Model Reduction of Parametric Differential-Algebraic Systems by Balanced Truncation

TL;DR

This paper presents a novel method combining balanced truncation with reduced basis techniques to efficiently reduce parametric differential-algebraic systems, supported by error estimation and applied to fluid dynamics and mechanics models.

Contribution

It introduces a new approach for model reduction of parametric differential-algebraic systems using balanced truncation combined with reduced basis methods and residual-based error estimators.

Findings

Efficient reduction of complex systems demonstrated on fluid dynamics models.

Significant computational savings achieved compared to naive approaches.

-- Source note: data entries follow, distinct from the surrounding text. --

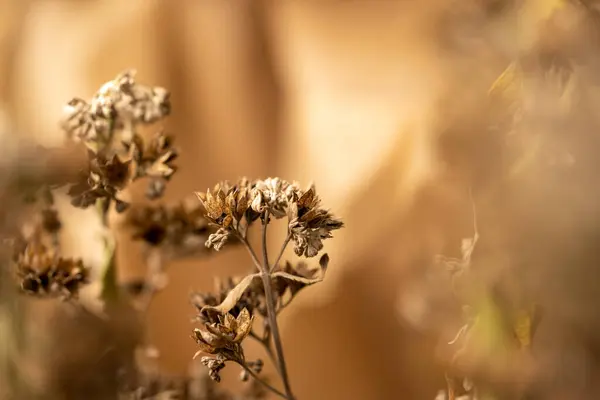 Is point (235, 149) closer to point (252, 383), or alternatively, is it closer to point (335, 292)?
point (335, 292)

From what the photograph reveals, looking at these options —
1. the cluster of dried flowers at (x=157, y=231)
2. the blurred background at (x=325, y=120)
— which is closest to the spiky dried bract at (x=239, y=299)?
the cluster of dried flowers at (x=157, y=231)

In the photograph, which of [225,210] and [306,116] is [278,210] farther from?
[306,116]

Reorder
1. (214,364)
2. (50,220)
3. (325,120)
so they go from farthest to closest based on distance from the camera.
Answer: (325,120), (50,220), (214,364)

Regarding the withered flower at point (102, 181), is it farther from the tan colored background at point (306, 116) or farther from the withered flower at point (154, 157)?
the tan colored background at point (306, 116)

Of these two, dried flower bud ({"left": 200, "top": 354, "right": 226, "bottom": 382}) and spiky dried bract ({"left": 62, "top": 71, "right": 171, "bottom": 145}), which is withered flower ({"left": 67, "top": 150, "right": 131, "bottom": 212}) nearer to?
spiky dried bract ({"left": 62, "top": 71, "right": 171, "bottom": 145})

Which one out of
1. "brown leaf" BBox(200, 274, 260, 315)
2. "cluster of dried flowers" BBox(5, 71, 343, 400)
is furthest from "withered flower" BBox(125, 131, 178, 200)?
"brown leaf" BBox(200, 274, 260, 315)

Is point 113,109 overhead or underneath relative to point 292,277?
overhead

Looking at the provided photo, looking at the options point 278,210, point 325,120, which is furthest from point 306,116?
point 278,210

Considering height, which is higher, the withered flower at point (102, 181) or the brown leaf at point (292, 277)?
the withered flower at point (102, 181) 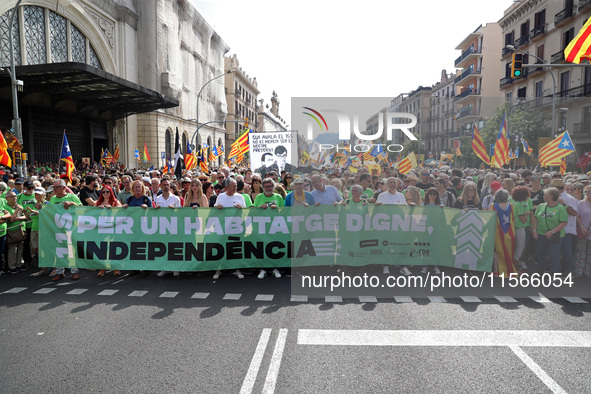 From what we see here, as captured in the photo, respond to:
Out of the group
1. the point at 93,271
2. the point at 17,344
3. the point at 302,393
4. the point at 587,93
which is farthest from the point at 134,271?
the point at 587,93

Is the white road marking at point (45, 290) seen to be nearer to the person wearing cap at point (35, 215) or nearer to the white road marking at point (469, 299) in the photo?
the person wearing cap at point (35, 215)

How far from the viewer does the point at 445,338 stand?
4.75 meters

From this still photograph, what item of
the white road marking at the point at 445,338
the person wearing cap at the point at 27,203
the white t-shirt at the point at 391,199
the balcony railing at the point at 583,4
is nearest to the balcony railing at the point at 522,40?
the balcony railing at the point at 583,4

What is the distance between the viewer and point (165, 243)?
24.4 feet

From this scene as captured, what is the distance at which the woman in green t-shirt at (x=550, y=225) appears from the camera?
24.3 feet

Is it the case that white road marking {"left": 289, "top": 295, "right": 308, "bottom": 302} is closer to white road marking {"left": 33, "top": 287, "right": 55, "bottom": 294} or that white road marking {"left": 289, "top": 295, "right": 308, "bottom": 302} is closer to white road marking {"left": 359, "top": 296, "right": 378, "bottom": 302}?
white road marking {"left": 359, "top": 296, "right": 378, "bottom": 302}

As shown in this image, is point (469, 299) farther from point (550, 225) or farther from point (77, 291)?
point (77, 291)

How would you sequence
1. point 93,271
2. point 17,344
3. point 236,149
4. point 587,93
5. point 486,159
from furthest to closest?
point 587,93 < point 236,149 < point 486,159 < point 93,271 < point 17,344

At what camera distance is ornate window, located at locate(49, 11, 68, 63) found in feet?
79.2

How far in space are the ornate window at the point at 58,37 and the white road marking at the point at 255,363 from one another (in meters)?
24.7

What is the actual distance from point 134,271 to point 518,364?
6225mm

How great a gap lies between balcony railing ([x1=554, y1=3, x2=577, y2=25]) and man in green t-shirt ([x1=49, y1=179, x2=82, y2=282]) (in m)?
34.7

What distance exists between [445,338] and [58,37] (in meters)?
27.2

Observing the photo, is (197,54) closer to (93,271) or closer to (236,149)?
(236,149) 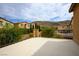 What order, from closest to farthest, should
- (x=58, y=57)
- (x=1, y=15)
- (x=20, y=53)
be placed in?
1. (x=58, y=57)
2. (x=20, y=53)
3. (x=1, y=15)

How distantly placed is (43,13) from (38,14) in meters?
0.23

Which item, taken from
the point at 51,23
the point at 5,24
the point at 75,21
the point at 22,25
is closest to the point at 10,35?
the point at 5,24

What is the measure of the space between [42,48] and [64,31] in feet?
4.16

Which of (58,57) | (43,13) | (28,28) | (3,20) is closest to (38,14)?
(43,13)

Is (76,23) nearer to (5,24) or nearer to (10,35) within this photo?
(10,35)

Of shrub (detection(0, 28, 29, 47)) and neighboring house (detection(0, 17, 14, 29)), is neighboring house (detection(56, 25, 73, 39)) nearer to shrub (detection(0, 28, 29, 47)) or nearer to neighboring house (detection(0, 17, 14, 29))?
shrub (detection(0, 28, 29, 47))

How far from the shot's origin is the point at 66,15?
8.02 meters

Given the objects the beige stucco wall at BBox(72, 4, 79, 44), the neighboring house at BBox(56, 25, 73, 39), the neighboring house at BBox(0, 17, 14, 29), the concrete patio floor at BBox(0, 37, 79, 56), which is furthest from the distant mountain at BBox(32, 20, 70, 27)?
the neighboring house at BBox(0, 17, 14, 29)

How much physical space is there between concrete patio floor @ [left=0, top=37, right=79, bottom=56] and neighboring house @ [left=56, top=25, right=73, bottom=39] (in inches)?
8.7

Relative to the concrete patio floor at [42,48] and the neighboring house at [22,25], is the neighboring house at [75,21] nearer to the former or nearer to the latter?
the concrete patio floor at [42,48]

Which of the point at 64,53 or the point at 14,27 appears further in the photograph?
the point at 14,27

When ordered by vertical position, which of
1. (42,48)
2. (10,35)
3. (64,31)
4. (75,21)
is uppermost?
(75,21)

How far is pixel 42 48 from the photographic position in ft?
25.5

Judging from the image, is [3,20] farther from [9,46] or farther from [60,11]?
[60,11]
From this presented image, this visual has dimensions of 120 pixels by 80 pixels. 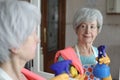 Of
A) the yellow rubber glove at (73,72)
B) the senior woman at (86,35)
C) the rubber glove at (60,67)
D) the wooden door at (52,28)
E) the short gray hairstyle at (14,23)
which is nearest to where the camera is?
the short gray hairstyle at (14,23)

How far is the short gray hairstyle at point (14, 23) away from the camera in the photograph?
0.68m

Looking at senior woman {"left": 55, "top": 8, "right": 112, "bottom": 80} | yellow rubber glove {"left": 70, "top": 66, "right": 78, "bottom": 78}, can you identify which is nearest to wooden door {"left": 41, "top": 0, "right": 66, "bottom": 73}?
senior woman {"left": 55, "top": 8, "right": 112, "bottom": 80}

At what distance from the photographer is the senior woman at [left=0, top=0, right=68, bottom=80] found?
69cm

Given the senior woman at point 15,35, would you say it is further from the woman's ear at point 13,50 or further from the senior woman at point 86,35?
the senior woman at point 86,35

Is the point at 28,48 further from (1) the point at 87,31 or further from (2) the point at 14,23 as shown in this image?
(1) the point at 87,31

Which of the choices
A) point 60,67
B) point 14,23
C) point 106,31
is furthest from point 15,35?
point 106,31

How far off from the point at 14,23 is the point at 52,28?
1.26 metres

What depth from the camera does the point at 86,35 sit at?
118 cm

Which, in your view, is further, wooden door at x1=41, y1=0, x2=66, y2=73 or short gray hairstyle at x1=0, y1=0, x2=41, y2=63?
wooden door at x1=41, y1=0, x2=66, y2=73

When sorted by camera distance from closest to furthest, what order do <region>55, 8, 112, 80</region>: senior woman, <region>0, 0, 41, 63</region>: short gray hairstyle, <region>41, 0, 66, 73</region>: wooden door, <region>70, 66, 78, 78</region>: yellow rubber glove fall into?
<region>0, 0, 41, 63</region>: short gray hairstyle → <region>70, 66, 78, 78</region>: yellow rubber glove → <region>55, 8, 112, 80</region>: senior woman → <region>41, 0, 66, 73</region>: wooden door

Validated accuracy through residual-based error estimation.

Abstract

We deduce a procedure to apply balanced truncation to parameter-dependent differential-algebraic systems. For that we solve multiple projected Lyapunov equations for different parameter values to compute the Gramians that are required for the truncation procedure. As this process would lead to high computational costs if we perform it for a large number of parameters, we combine this approach with the reduced basis method that determines a reduced representation of the Lyapunov equation solutions for the parameters of interest. Residual-based error estimators are then used to evaluate the quality of the approximations. After introducing the procedure for a general class of differential-algebraic systems we turn our focus to systems with a specific structure, for which the method can be applied particularly efficiently. We illustrate the efficiency of our approach on several models from fluid dynamics and mechanics.